У них сохранились подпольные катакомбные общины, и я там бывал, заодно посещал древлеправославных, с которыми очень быстро нашел общий язык. Ехал я через Почеп, имение графов Разумовских, где у них когда-то был дворец, и к нему примыкала доныне сохранившаяся дворцовая церковь. Очень красивое, стильное сооружение. В этих местах Брянщины когда-то жило много евреев, которых потом уничтожили немцы. Многие катакомбники и древлеправославные евреев не трогали, считая их носителями Ветхого завета – общей с христианами религии. Я, помню, жил в одном православном доме и, как оказалось, до войны там жили евреи. Родственники погибших евреев почему-то не вернулись в эти места, дома стояли брошенными и их заселяли тамошние славянские жители. Когда-то здесь была и старинная деревянная синагога, которую немцы облили бензином и сожгли вместе со связанным раввином и служками.

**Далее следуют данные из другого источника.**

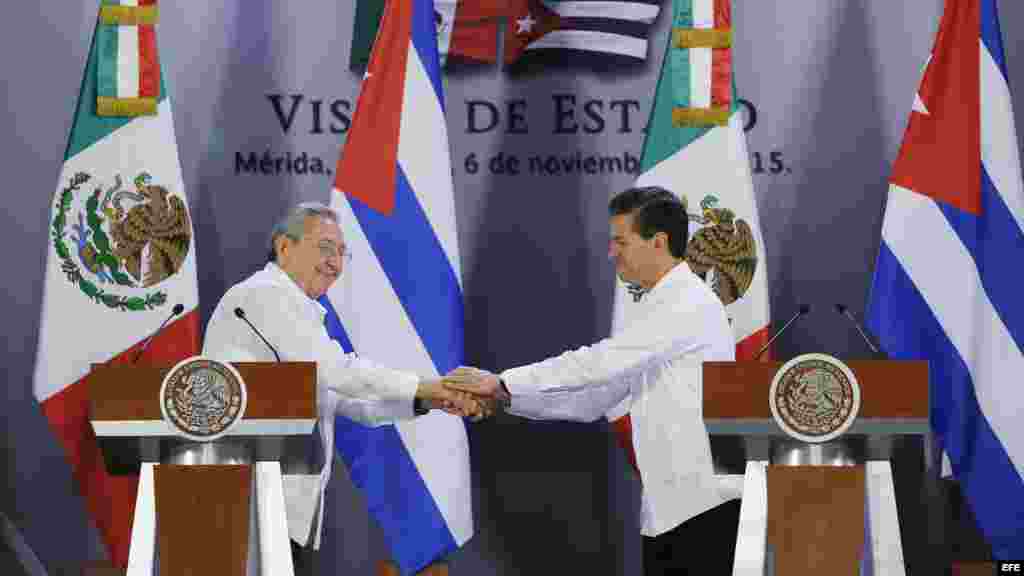 El presidente de México Enrique Peña Nieto estrecha la mano del gobernante cubano Raúl Castro.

Заговорили о евреях, и новые хозяева показали мне две квадратные плетеные корзины с фотографиями прежних хозяев, их письмами и открытками. Открытки были и на русском, и на иврите, и на польском, и на немецком, с польскими, немецкими, русскими имперскими марками. Люди поздравляли друг друга с праздниками, письма начинались с обращений: “дорогая Розочка”, “дорогая Ривка”, “дорогой Арон”...

И во время моих хождений по дворам старой Москвы, и сейчас, десятилетия спустя, у меня возникают ассоциации со старыми плетеными еврейскими корзинами – такие же поблекшие, выцветшие фотографии, такие же прически, такие же открытки, такие же марки. И так же нет их детей, внуков – все прервалось. А точнее – прервали, перебили, выслали. Центр старой Москвы – это территория аналогичная Варшавскому и Пражскому гетто. По этим ступеням из мягкого, стершегося в середине камня уводили на расстрел, на высылку мужчин, женщин, детей.

Во дворе между метро Кропоткинская и Зубовская я нашел спятившего старика, бывшего драгунского офицера. Он жил один, голодный, брошенный семьей. Он ютился в узенькой комнатке для прислуги в квартире, принадлежавшей когда-то его родителям. Я принес ему хлеб и дешевую вареную колбасу (тогда она еще была), и старик ел, давясь, запивая сырой водой из-под крана и обсыпая запущенную бороду хлебными крошками. Кто-то подарил ему парадный мундир танкиста, который спереди был весь облит остатками пищи, которую он доедал из тарелок в закусочных. На стене около продавленной кровати с матрасом в пятнах и без простыни висело несколько семейных фотографий, среди них он сам, в полевой форме времен германской “великой” войны, с Анной и медалями на гимнастерке, сбоку, конечно, шашка с темляком-клюквой. Уцелел старик потому, что, по-видимому, помешался очень давно, и его маленькая восьмиметровая комнатенка около кухни никому не была нужна. В этой же комнатенке когда-то умерла его мать, отца-полковника и старшего брата штабс-капитана красные давно расстреляли. От матери у старика осталось красивое, семидесятых годов, резное ореховое трюмо. Он открыл один их ящиков и показал мне фотографии: милые культурные лица с совершенно другим выражением, чем у нынешнего алчного и тупого населения. На всех лицах печать затаенной грусти, словно предчувствие того, что их вскоре вырежут, как опаршивевший скот.